Tuesday, December 22, 2009

URGENT: Unions Using Health Care Bill to Kill Small Non-Union Construction Firms

According to the Nashville Business Journal, Senate Democrats are trying to do their union handlers a favor by excluding small construction companies from the small-business exemption to the employer mandate in the health care bill.
The Senate is about to put coal in the stocking of home builders and other small construction firms.

The amended version of the health care reform bill, which cleared another procedural hurdle Wednesday morning, includes a provision that penalizes small construction firms if they don’t offer insurance to their employees. Under the bill, businesses with more than 50 employees would have to pay a $750-per-worker penalty to the federal government if any of their employees purchases subsidized insurance on their own. The new version of the bill lowers that threshold to five employees for construction firms.

The National Association of Home Builders contends the provision, reportedly suggested by the AFL-CIO, could put many small home builders out of business and derail the housing recovery.

“This narrow provision is an unprecedented assault on the construction industry and unjustly targets an industry trying to keep its doors open during the worst housing downturn since the Great Depression,” said NAHB Chairman Joe Robson, a home builder from Tulsa, Okla.

“This is a true jobs killer,” he said. “Thousands of small builder firms struggling to stay afloat could go under.
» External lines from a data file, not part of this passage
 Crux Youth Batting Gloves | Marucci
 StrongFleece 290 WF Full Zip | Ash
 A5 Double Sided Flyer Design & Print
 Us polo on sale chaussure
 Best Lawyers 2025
We strongly urge the Senate to reconsider and pull this onerous provision.”

The amendment is clearly targeting the non-union construction industry, which comprises approximately 85% of the enitre construction industry.  Unionized construction firms, on the other hand, typically obtain their workers from unions (usually though union hiring halls, which are like a temp agencies) and, as part of the 'package,' unionized companies must pay into the unions' health and welfare mutli-employer funds.
 
The Associated Builders & Contractors, a trade association of roughly 23,000 mostly small (and union-free) construction companies is urging its members to call their senators to remove this discriminatory language from any final bill.
“At a time when our industry is facing the worst construction economy in decades, the last thing contractors need are vast new mandates from the federal government dictating to them how they will run their business,” said Kirk Pickerel, president and CEO of Associated Builders and Contractors.
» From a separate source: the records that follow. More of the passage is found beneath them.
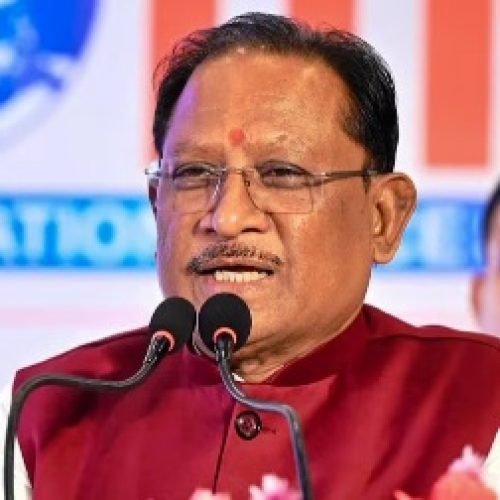 कर्मचारियों को साय सरकार की सौगात, केंद्र के बराबर मिलेगा DA…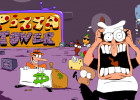 Pizza Tower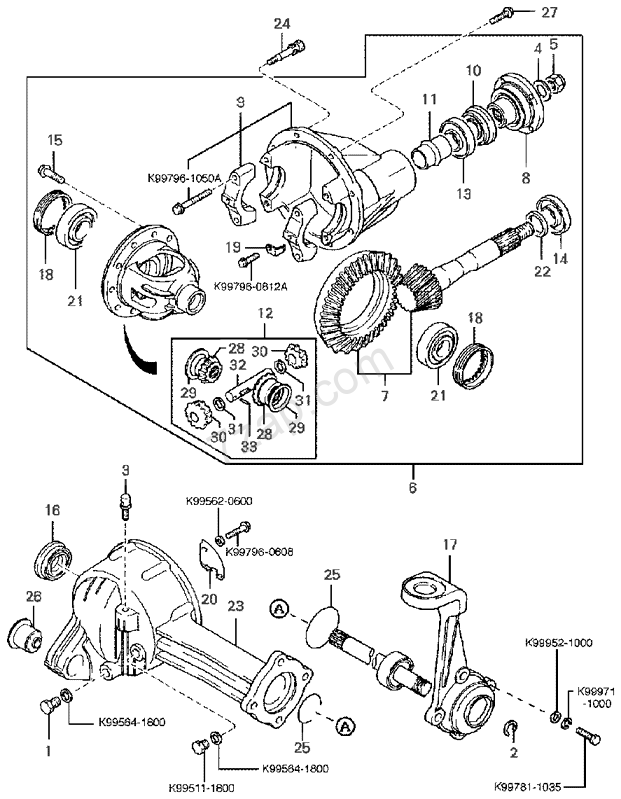 Download Kia Sportage 2009 Workshop Repair Service Manual – Workshop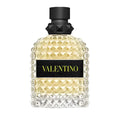 Valentino Uomo Born In Roma Yellow Dream Eau De Toilette For Men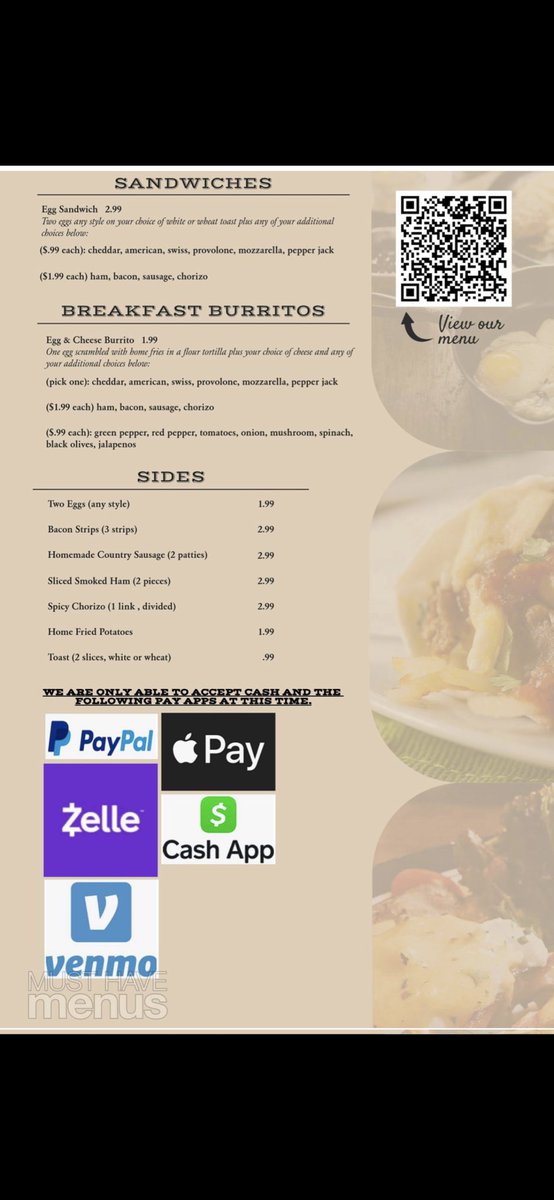 Merochele99's tweet photo. My mom is opening up her restaurant in the DMV area.. pls help me get exposure for her 🙏🏼🙏🏼 would mean a lot https://t.co/92EU9P8Tpe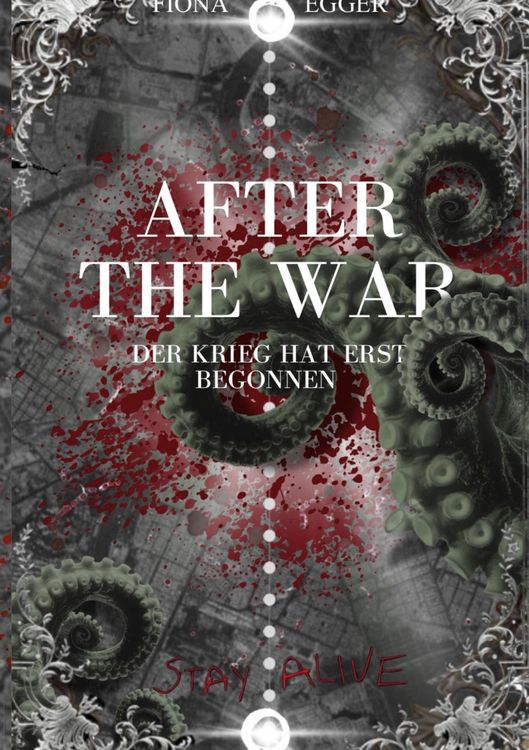 Produktbild: After The War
Here is the text of an e-mail sent out earlier to its membership:


Construction Industry Targeted in Senate Health Care Bill
New Last Minute Mandate Added

The Senate health care bill mandates that all companies must provide their employees with health coverage. The one exemption to that mandate is that small businesses, companies with 50 employees or less, are not subject to that health care requirement. Senator Jeff Merkley (D-OR) proposed an amendment which excludes construction firms (and only construction firms) from the small business exemption. The Merkley Amendment 's language was never voted on, but was added to the health care bill at the last minute. The Senate will vote on the entire health care package on Christmas Eve.
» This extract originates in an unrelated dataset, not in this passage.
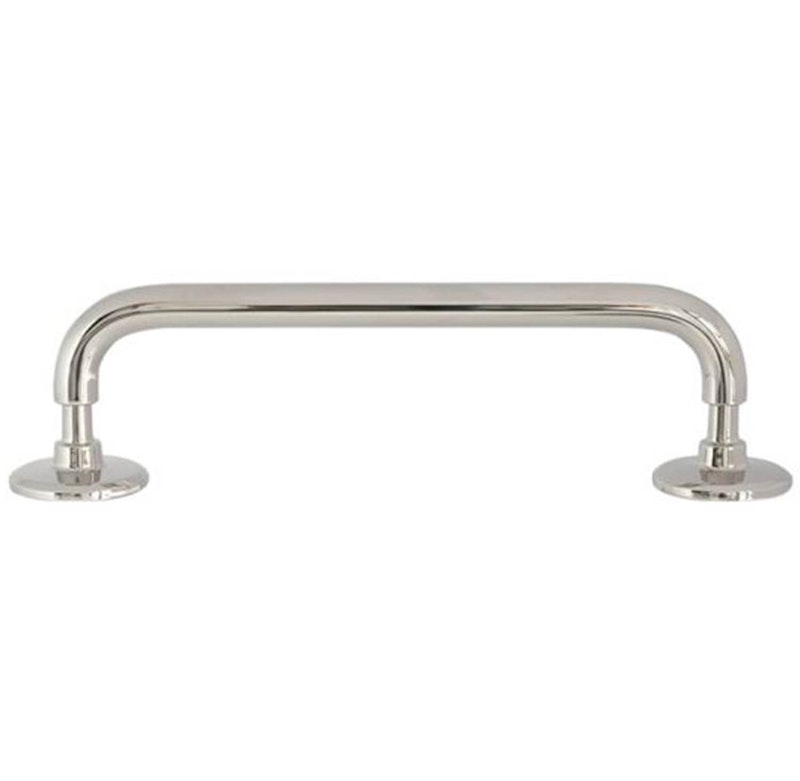 Jubilee Handvat 128 mm, Chroom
In other words, construction firms with five employees or more will now be required, by federal law, to provide their employees with health coverage.

Call your Senators TODAY. Tell them that this bill unfairly singles out small construction firms for vast federal government mandates at a time when our industry can least afford it.

Like so many other things in Washington today, this is another example of big payback to big union bosses...at the expense of the rest of America.